Relevant Paper(s):
Abstract: Deep energy-based models have quickly become a popular and successful approach for generative modeling in high dimensions. The success of these models can mainly be attributed to improvements in MCMC sampling such as Langevin Dynamics and training with large persistent Markov chains. Because of the reliance on gradient-based sampling, these models have been successful in modeling continuous data. As it stands, the same solution cannot be applied when dealing with discrete data. In this work, we propose a general and automatic approximate sampling strategy for probabilistic models with discrete variables. Our approach uses gradients of the likelihood function with respect to discrete assignments to propose Metropolis-Hastings updates. These updates can be incorporated into larger Markov chain Monte Carlo or learning schemes. We show theoretically and empirically that this simple approach outperforms generic samplers in a number of difficult settings including Ising Models, Potts Models, Restricted Boltzmann Machines, and Factorial Hidden Markov Models -- even outperforming some samplers which exploit known structure in these distributions.
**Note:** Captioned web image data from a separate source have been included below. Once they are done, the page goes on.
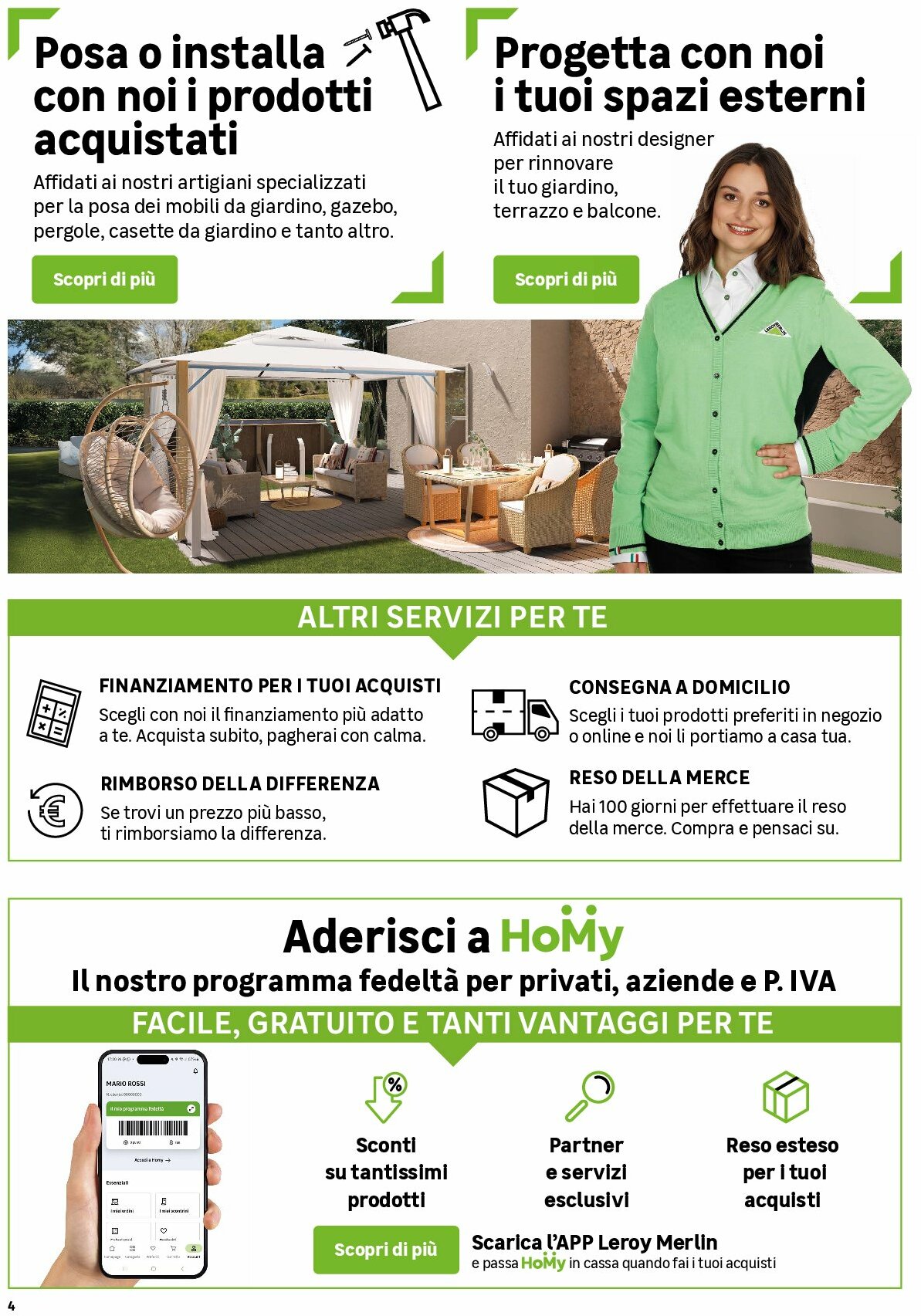 leroy-merlin - Volantino Leroy Merlin - Catalogo Giardino valido dal 01/06 al 31/10 - page: 4 leroy-merlin - Volantino Leroy Merlin - Catalogo Giardino valido dal 01/06 al 31/10 - page: 4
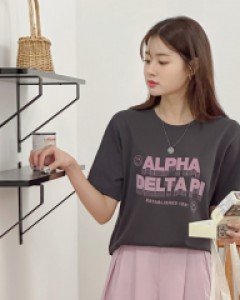 Alpha Flocking Silket Tee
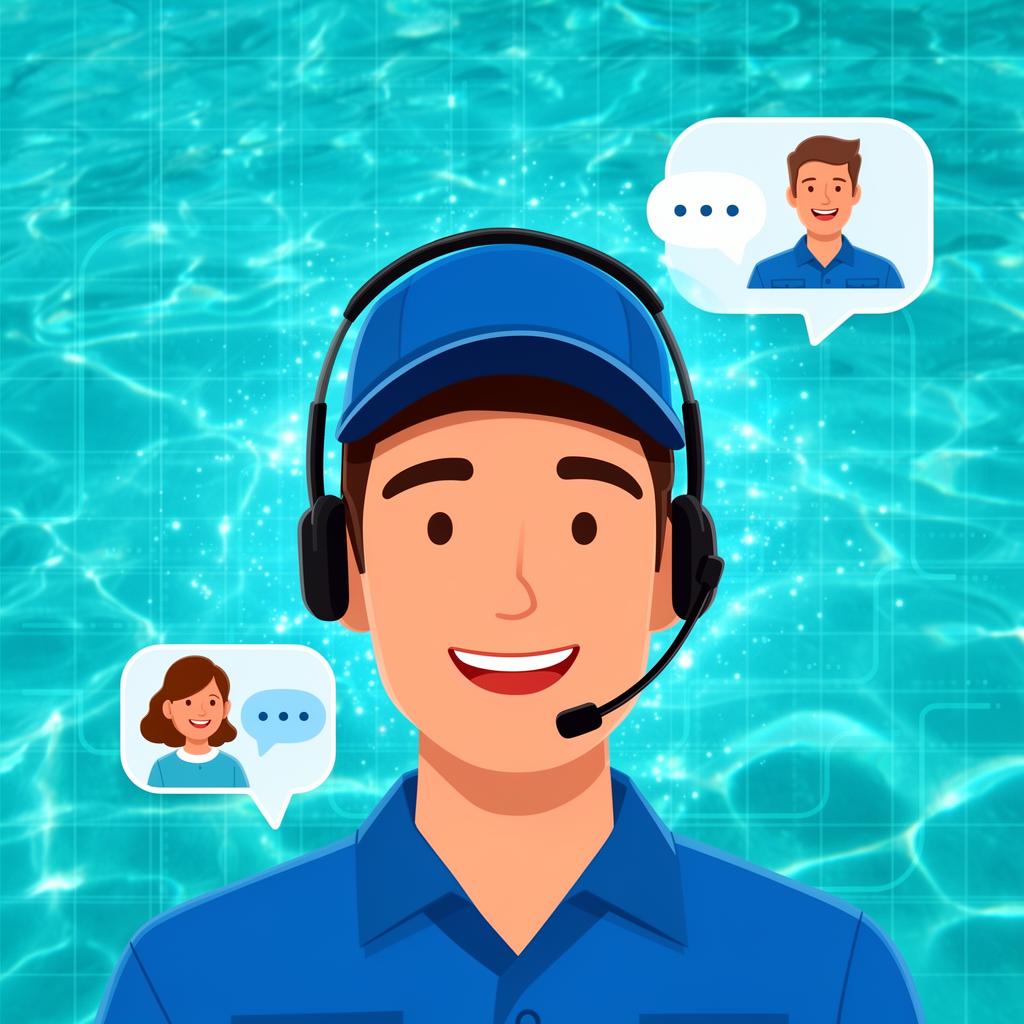 PoolPilotAI voice agent calling pool service customers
We also show that our improved sampler enables the training of deep energy-based models on high dimensional discrete data which outperform variational auto-encoders and previous energy-based models.
Bio: Will Grathwohl is a PhD student at the University of Toronto supervised by Richard Zemel and David Duvenaud. His work mainly focuses on generative models and their applications to downstream discriminative tasks. His work has covered variational inference, normalizing flows and now focuses mainly on energy-based models. Will is currently a student researcher on the Google Brain team in Toronto. Prior to graduate school, Will worked on machine learning applications in silicon valley and did his undergraduate degree in mathematics at the Massachusetts Institute of Technology.